Sortis du Paradis
Exhortation donnée à l’assemblée de prière Betzatha le 17/03/22
Je vous propose en ce saint carême de nous replonger dans les origines du monde, ouvrons le livre de la Genèse si riche en enseignement.
« Adonaï Elohim planta un jardin en Eden, à l’orient, et y mit l’humain qu’il avait modelé […] Et Adonaï Elohim prit l’humain et le déposa dans le jardin d’Eden pour la travailler et la garder » (Gn 2.8-15)
Le jardin planté donné à l’homme
Le mot « gan » jardin, vient du verbe « ganan » qui signifie protéger. On imagine donc facilement un jardin clôt, lieu à l’abri, protégé de tous dangers et paisible. Ce n’est d’ailleurs pas étonnant si en grec il est traduit par « paradis », qui reprend un vient mot perse « pardes » qui désigne exactement un « jardin clôt et organisé ».
Adam est donc placé dans ce jardin pour en jouir et l’entretenir, pour y travailler, pour y continuer la création amorcée par Dieu. Fait surprennent : Dieu crée et donne à l’homme la faculté de retravailler ce que lui a déjà fait…d’y participer. Et il instaure de ce fait avec lui un partenariat. Il l’invite à entrer dans son projet, dont il fait déjà partie. Le verbe qui désigne le « travail » (‘avad) sert aussi pour dire le « service » et même le « culte ». Travailler la terre, continuer l’œuvre divine est pour l’homme aussi une manière de rendre un culte à Dieu, de le servir dans la justice.
Le précepte divin et le don des arbres
Et dans ce jardin, Dieu donne un précepte : « De tous les arbres du jardin, manger tu mangeras. Mais de l’arbre du connaître bien et mal tu n’en mangeras pas car au jour où tu en mangeras, mourir tu mourras. »[1] (Gn 2.16)
Dans cette parole Adonaï Elohim commence d’abord « par re-commander à l’humain la jouissance de tout ce qui est donné. Sur cet ordre positif pourtant sur le tout, vient se greffer un interdit concernant un arbre précis »[2]. Et la justification de cet interdit, c’est un risque de mort.
L’intention ambigu du précepte
D’ailleurs l’expression peut être comprise soit comme une menace, soit comme un avertissement, et Dieu n’explicite pas tellement son intention. Et du coup l’interprétation de l’ordre divin lui-même peut être ambigu :
- Soit Dieu veut conserver l’exclusivité de la connaissance du bien et du mal et notamment en ce qui concerne l’humain.

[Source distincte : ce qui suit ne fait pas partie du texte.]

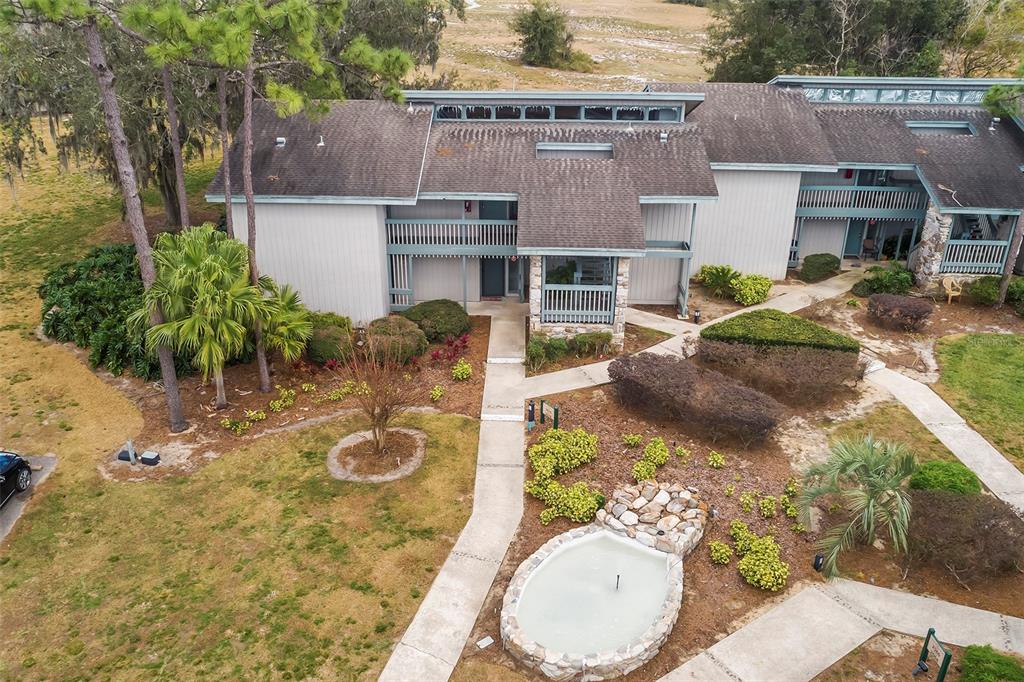 2070 Corner Lake, Unit AB Haines City, FL 33844 - Photo 30 of 31 a view of a house with backyard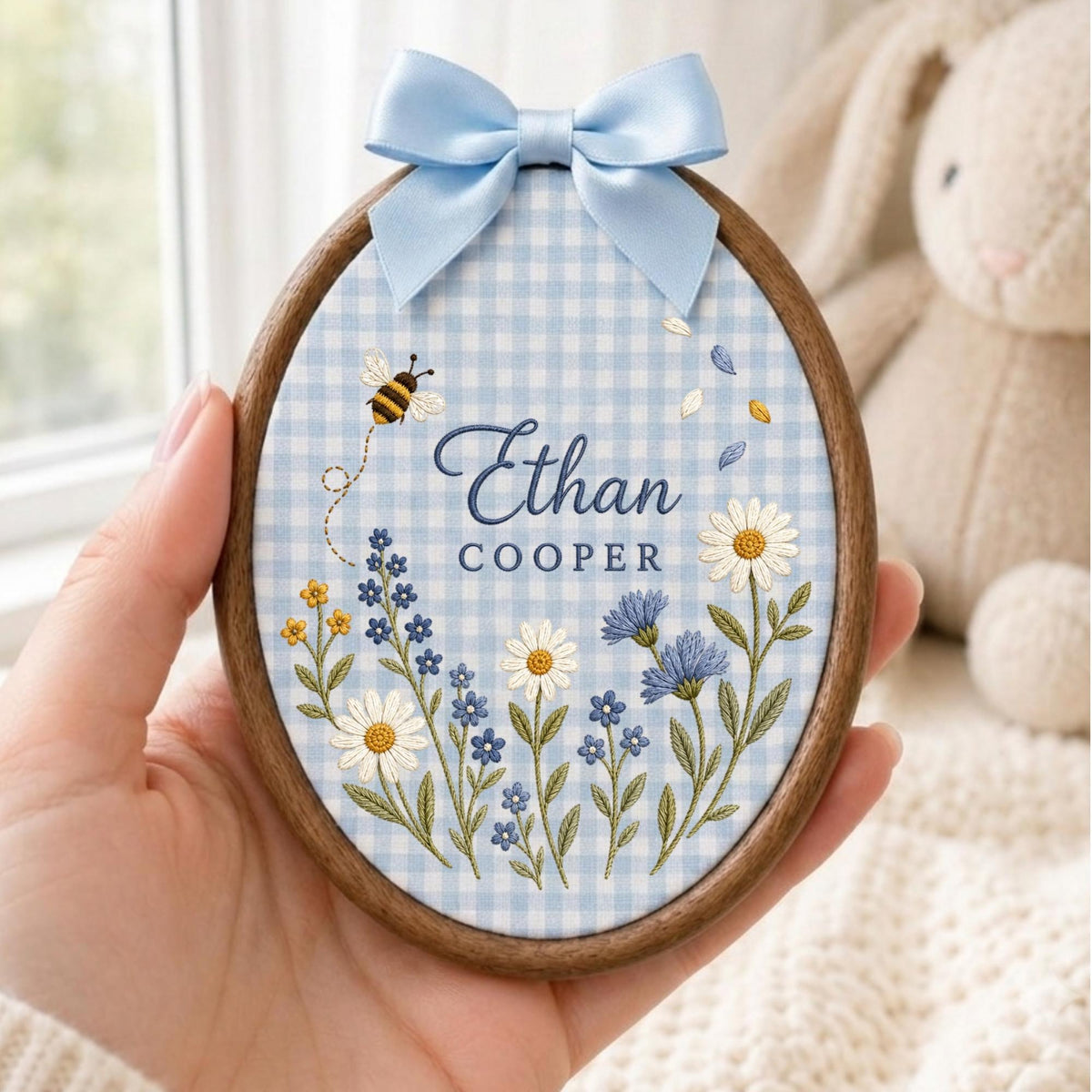 May include: An oval wooden embroidery hoop containing light blue and white gingham fabric. The fabric features embroidered wildflowers, a small bee, and the text Ethan COOPER in blue. A light blue satin ribbon bow is attached to the top.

- Soit Dieu avertis l’humain, que s’il refuse cette limite cela lui coutera la vie. Et dans ce cas, à l’inverse de la première solution, où Dieu cherchait à garder son savoir, ici bien au contraire, il le partage.
La limite féconde
Dans ce précepte Dieu révèle à l’homme une réalité fondamentale de son dessein et du propos de sa création. En mettant une limite dans la jouissance de la création, Adonaï met en garde l’humain contre la convoitise. Cette convoitise nous fait céder à la tendance totalisante, d’un désir qui refuse les limites et les structures, qui permettent en fait la relation. La convoitise fait de la chose convoité un objet qui m’appartient et non plus un vis-à-vis. La convoitise refuse l’altérité et tend à tout réduire à ma mesure.
Une éducation divine
Et de ce fait, l’avertissement de Dieu nous met en garde d’un péril mortel. Dieu donne tous les arbres, et il nous éduque à bien les désirer, à les désirer en toute liberté, en limitant l’accès à un, nous faisant faire ainsi le deuil de la totalité, nous faisant acquiescer un manque. Et cet interdiction, cette limite, c’est cela la sagesse, c’est cela la connaissance du bien et du mal. Comme le dit Ben Sira « Le Seigneur a rempli les hommes d’intelligence, il leur a fait connaître le bien et le mal » (Si 17.7). Connaître le bien et le mal c’est donc ne pas toucher à cet arbre, de la connaissance du bien et du mal. Seulement le regarder, et le désirer.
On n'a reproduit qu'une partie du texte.